“我有药也不想去试,之前治病治的太痛苦了,但如果有临床的话我愿意为了孩子去试。”
说这句话的人叫育博,30岁,腓骨肌萎缩症(Charcot-Marie-Tooth,CMT)患者,这个疾病对吃饭、洗脸等日常生活受到了很大影响,靠电动轮椅出行。现如今临床对CMT尚无有效治疗手段。
[ 被误解的童年 ]
3岁会走路时,育博就“不对劲”:抬脚不利索,用大腿甩着小腿走,像“扔脚”一样。
12岁前,一切还算平静。直到初中,四肢开始“疯狂萎缩”。人变瘦了,以为是学习太累;走不动了,体育课只能旁观。那时还不知道是病,直到坐上轮椅。
“那个时候发病比较快,大概不到一周的时间我就瘫痪了,就坐轮椅了”
从黑龙江到北京,辗转求医近10年,2012年才在北京的医院确诊——腓骨肌萎缩症(CMT2A2型),一种周围神经病变,无药可医。
[ 至暗时刻]

2012年到2018年,整整6年,育博把自己关在家里。
“抑郁症。觉得人生不太行了,什么都不太行了。天天躺着,什么人也不想见,什么话也不想说。”

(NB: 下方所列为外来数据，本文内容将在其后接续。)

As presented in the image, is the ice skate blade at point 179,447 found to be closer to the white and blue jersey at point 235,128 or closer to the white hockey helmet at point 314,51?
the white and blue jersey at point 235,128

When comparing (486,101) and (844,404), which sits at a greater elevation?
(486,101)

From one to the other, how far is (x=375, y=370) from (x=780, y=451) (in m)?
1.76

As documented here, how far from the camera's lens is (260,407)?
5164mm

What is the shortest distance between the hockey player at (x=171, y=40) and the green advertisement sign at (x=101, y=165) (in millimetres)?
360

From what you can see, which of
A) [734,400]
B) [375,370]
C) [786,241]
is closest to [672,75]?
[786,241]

父母比他更痛苦。妈妈总自责:“是不是怀孕时感冒了?是不是把你带到这个世界对不起你?”
育博说:“我爸妈总觉得把我带到这个世界,给我一个这样的身体,对我有很大的亏欠,会找各种原因,但这就是基因突变,也没有什么其他别的原因导致的,不是遗传,这是我自己的命。”

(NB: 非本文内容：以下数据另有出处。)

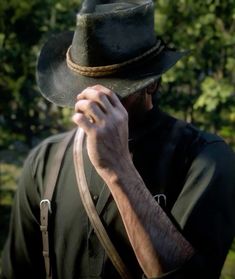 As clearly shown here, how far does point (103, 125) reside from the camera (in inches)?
77.9

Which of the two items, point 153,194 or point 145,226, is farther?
point 153,194

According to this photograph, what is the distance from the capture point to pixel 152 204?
2.04 meters

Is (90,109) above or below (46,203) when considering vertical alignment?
above

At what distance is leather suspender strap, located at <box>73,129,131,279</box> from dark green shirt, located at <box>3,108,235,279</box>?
0.11 ft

但看着父母的日渐变白的头发,更多是对自己无力的悲凉感。在采访中育博提到“‘养儿防老’嘛,那儿子这样了,肯定不好”,想起自己的状况时,育博更担心的是父母怎么办?
[ 转折点]

2018年,长辈给他买了一台电动轮椅。
他起初抗拒出门,“自卑,害怕,不敢见人”。后来干脆开到没人的地方,什么都不想,就坐着。
“但坐着坐着,我发现——外面好像没那么可怕。”
他开始往远处走。从家附近,到深圳,再到全国各地。
2024年,全家从黑龙江搬到深圳。“深圳无障碍做的好,气候也比较好,年轻人多,大家心态不像老家心态那样,比较对残疾人不太友好。”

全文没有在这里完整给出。